Chile defeated South Africa in the Americas Inter-Zonal final, Australia defeated New Zealand in the Eastern Zone final, and Sweden and Czechoslovakia were the winners of the two Europe Zones, defeating Spain and France respectively.

In the Inter-Zonal Zone, Czechoslovakia defeated Australia and Sweden defeated Chile in the semifinals. Sweden then defeated Czechoslovakia in the final to win their first title and become the sixth nation to win the Davis Cup. The final was held at the Kungliga tennishallen in Stockholm, Sweden on 19–21 December.

==Americas Zone==

===Americas Inter-Zonal Final===
Chile vs. South Africa

==Eastern Zone==

===Final===
New Zealand vs. Australia

==Europe Zone==

===Zone A===
====Final====
Spain vs. Sweden

===Zone B===
====Final====
Czechoslovakia vs. France

==Inter-Zonal Zone==
===Semifinals===
Sweden vs. Chile

Czechoslovakia vs. Australia

===Final===
Sweden vs. Czechoslovakia

==Controversy==

The Inter-Zonal Zone semifinal between Sweden and Chile was played on 19–21 September in Båstad, Sweden, two years after Augusto Pinochet's military coup in Chile. Many people in Sweden wanted the match to be cancelled, in protest of the junta's violations of human rights, however others wanted sport and politics to remain separated.

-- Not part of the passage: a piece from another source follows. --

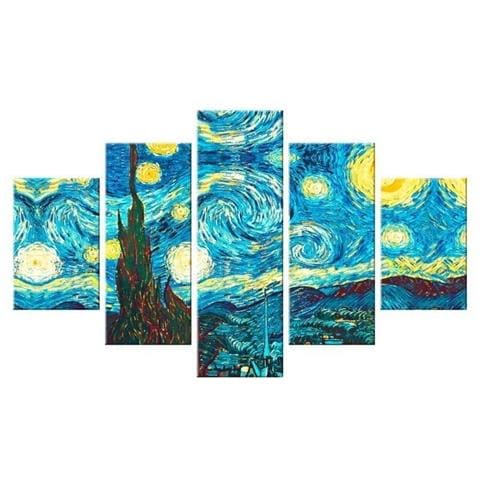 Quadro Moderno 5 Pezzi In Legno Vogue 48x85 Cm Notte Stellata - Foto 3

Chilekommittén mobilised protests against the match. The call for the manifestation was issued on July 30, 1975. The slogan of the protests was Stoppa matchen! ('Stop the match'). About 7,000 people took part in the protest. Hundreds of balloons, with names of political prisoners were released in the vicinity of the match venue, guarded by a police force of 1,300. Through Chilean sports commentators on site, news about the protests reached Chile. A special issue of Chilebulletinen was produced for the protests, with 20,000 copies.

The then governing Swedish Social Democratic Party didn't take part in the protests on September 20. A protest march was instead organized in Båstad by the Swedish Social Democratic Youth League on September 18, ending at the town square, where former prime minister Tage Erlander and Sweden's former ambassador to Chile Harald Edelstam (who personally helped rescue over 1,200 political prisoners in Chile after the 1973 coup) addressed a crowd of some 3,000.

Olof Palme's government tried to stop the match, but on September 12 negotiations ended with a decision to play. During the game on September 20, which was guarded by 1,300 police, over 7,000 demonstrators gathered peacefully on the square. The match was played behind closed doors with no spectators present.